# [PROVIDED MATERIAL]
== Segment start ==
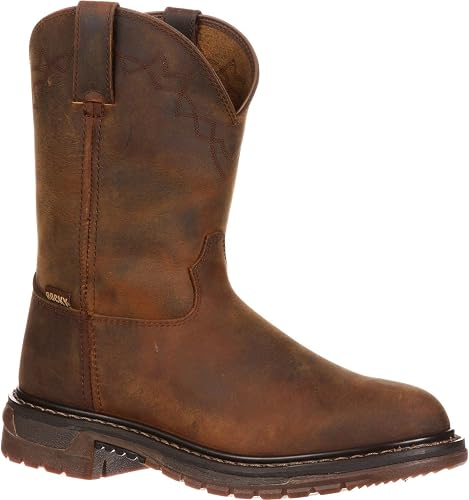 Bota Rocky FQ0001108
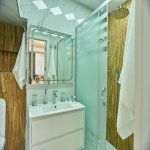 Kirayə (aylıq) 3 otaqlı Yeni Tikili, Sahil metrosu, Port Baku, Səbail rayonu 28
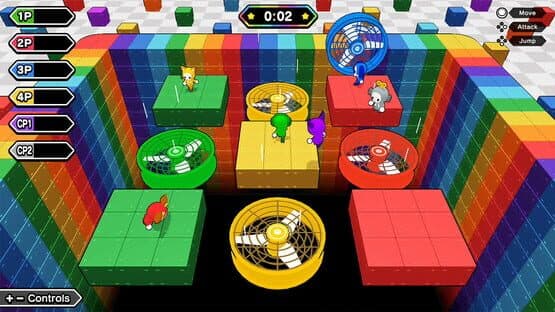 Party Party Time: Thrilling Party Pack — screenshot 1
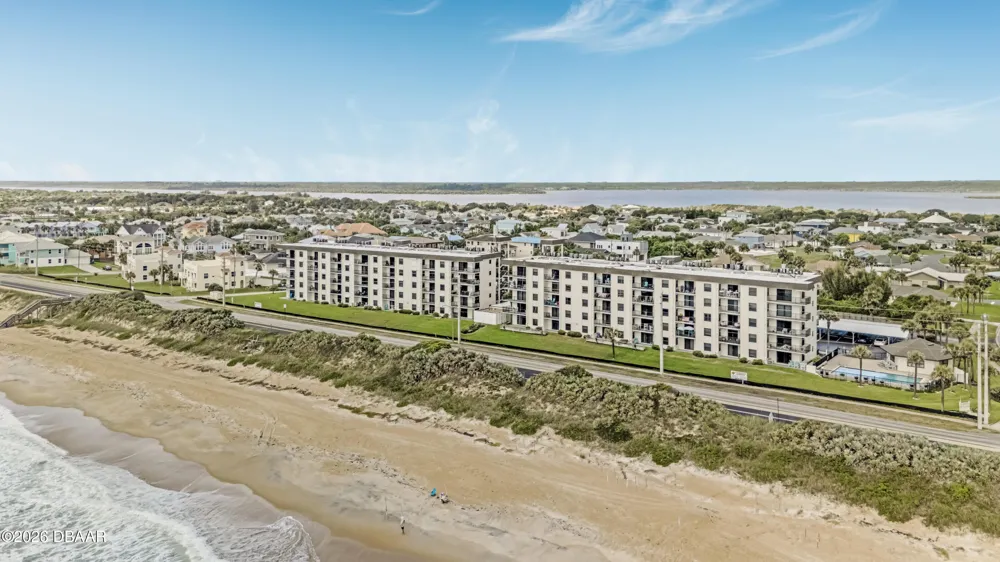 3110 Ocean Shore Boulevard #111 Ormond Beach, FL 32176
== Segment end ==
# [THE PROBLEM]
Repeat the material above exactly; any picture in it is left out.

# [OUTPUT]
 Bota Rocky FQ0001108
 Kirayə (aylıq) 3 otaqlı Yeni Tikili, Sahil metrosu, Port Baku, Səbail rayonu 28
 Party Party Time: Thrilling Party Pack — screenshot 1
 3110 Ocean Shore Boulevard #111 Ormond Beach, FL 32176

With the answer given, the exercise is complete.